Together, these three components of an online business combine to drive traffic to one another and to drive customers to your website. The fact is, a single store or standalone website is not enough. I’ve been covering e-commerce since the 1990s, and when I started out, someone with a great idea or a terrific product could make a killing with one website. It’s not quite as easy these days. There is so much competition, and so many people have become so sophisticated about marketing, that the most successful entrepreneurs are triangulating these three components.

Maintaining a presence in all these sites is a lot of work, to be sure, but the rewards include a better search engine placement and increased sales. The following sections explore this trend and how you can take advantage of it.

Creating a home page that’s a “home base”

There are more ways than ever before to pop up online, especially when you consider resources like Twitter, YouTube, and the photo-sharing site Pinterest. But the thing that ties all these together is still a website.

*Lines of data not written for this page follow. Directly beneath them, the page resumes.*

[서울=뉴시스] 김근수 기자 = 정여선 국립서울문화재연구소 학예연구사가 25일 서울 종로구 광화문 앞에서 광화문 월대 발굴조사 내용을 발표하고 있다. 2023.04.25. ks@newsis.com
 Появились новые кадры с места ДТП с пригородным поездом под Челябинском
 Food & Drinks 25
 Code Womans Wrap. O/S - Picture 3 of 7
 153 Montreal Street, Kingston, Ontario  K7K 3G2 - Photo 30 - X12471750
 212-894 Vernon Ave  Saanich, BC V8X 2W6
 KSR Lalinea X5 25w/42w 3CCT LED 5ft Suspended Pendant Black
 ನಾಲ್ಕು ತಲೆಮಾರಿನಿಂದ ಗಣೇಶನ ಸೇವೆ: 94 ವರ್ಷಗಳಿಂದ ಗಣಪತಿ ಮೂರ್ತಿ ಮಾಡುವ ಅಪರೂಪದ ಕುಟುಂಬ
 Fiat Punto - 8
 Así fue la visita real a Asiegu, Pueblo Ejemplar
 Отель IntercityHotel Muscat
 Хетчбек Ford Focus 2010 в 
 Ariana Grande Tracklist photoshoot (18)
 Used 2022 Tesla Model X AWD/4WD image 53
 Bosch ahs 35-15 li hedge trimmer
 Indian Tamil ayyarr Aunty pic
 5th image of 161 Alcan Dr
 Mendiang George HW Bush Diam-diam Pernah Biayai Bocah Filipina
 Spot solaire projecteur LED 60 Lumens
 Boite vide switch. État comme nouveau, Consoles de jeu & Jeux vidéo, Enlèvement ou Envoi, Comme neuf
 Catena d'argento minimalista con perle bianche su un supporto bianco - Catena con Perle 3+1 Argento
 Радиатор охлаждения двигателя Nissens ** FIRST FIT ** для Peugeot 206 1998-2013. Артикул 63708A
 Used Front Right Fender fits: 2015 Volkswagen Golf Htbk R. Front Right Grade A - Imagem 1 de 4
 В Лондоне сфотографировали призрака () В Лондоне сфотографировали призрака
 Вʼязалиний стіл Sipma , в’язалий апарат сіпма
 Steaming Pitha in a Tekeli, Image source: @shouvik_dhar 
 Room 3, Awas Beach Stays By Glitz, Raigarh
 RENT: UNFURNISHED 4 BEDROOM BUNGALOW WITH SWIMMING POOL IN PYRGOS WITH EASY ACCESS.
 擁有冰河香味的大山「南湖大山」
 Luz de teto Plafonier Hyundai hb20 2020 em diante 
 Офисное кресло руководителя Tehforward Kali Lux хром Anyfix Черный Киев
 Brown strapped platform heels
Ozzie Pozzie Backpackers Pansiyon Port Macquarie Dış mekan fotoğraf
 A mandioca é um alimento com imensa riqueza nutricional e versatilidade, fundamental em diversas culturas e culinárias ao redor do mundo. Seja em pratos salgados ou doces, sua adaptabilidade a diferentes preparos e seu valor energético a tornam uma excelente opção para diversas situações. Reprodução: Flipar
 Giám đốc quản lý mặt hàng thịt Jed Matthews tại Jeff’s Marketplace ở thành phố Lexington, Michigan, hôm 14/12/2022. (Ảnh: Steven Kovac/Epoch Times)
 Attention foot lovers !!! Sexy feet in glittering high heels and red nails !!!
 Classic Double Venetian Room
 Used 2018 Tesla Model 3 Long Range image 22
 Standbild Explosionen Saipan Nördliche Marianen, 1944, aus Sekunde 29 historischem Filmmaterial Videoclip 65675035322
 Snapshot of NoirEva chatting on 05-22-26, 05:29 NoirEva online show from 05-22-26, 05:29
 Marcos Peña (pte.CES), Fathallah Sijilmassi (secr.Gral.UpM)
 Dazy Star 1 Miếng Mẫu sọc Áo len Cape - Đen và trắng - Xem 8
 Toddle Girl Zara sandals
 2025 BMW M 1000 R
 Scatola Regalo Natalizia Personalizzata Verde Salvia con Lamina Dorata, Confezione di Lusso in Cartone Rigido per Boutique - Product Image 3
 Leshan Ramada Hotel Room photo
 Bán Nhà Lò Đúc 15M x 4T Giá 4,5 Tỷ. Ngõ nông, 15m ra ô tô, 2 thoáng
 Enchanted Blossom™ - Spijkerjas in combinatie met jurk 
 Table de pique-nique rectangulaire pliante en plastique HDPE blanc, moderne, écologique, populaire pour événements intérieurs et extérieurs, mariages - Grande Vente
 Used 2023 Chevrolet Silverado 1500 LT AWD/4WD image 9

If there's a trend pertaining to websites in 2013, it's the merger of websites with blogs. For many people, their website is their blog. That's the case with my own website (www.gregholden.com). It's run on the blogging site WordPress, which enables anyone to not only create a blog, but also design web pages and post photos and other contents. Business sites that sell products are a natural fit with blogs, too.

Creating a blog to support your business is a powerful way of reaching potential customers and strengthening connections with current ones. The word-of-mouth marketing that results from successful blog publishing is effective while also being cost-effective: Advertising costs are miniscule compared to a traditional marketing effort.

What’s the first step in creating a blog? I usually advocate thinking before clicking. Think about the kind of blog you want to create. An article titled “Create a Blog to Boost Your Business” in Entrepreneur magazine describes several different types of blogs created by Denali Flavors to promote its Moose Tracks line of ice cream flavors. Each blog took a different approach to promoting the same product:

Entertainment: The blog Moosetopia is (or was; it was discontinued but is still online) written by the Moose Tracks Moose, the product mascot.

Useful advice: The blog Free Money Finance provides something that everyone needs — advice on how to handle their money. The connection to the product is a “sponsored by” Moose Tracks ice cream logo to the right of the blog, as shown in Figure 1-5.

Public relations: Another blog, Team Moose Tracks, concerns efforts of the company’s cycling team to raise money for an orphanage in Latvia. It reflects positively on the company and the brand.

Behind the scenes: A fourth blog, Denali Flavors, takes a look at what goes on in the company.

The article (www.entrepreneur.com/article/80100-2) reports that site visits went up 25.7 percent after the blogs went online; the company spent less than $700 on all four blogs, too. You can take any or all of these approaches in your own blog, depending on the product you're trying to sell and your available resources. If you're selling a "fun" product, you might decide to take the entertainment approach; if you work for a big company, you might take the behind-the-scenes approach.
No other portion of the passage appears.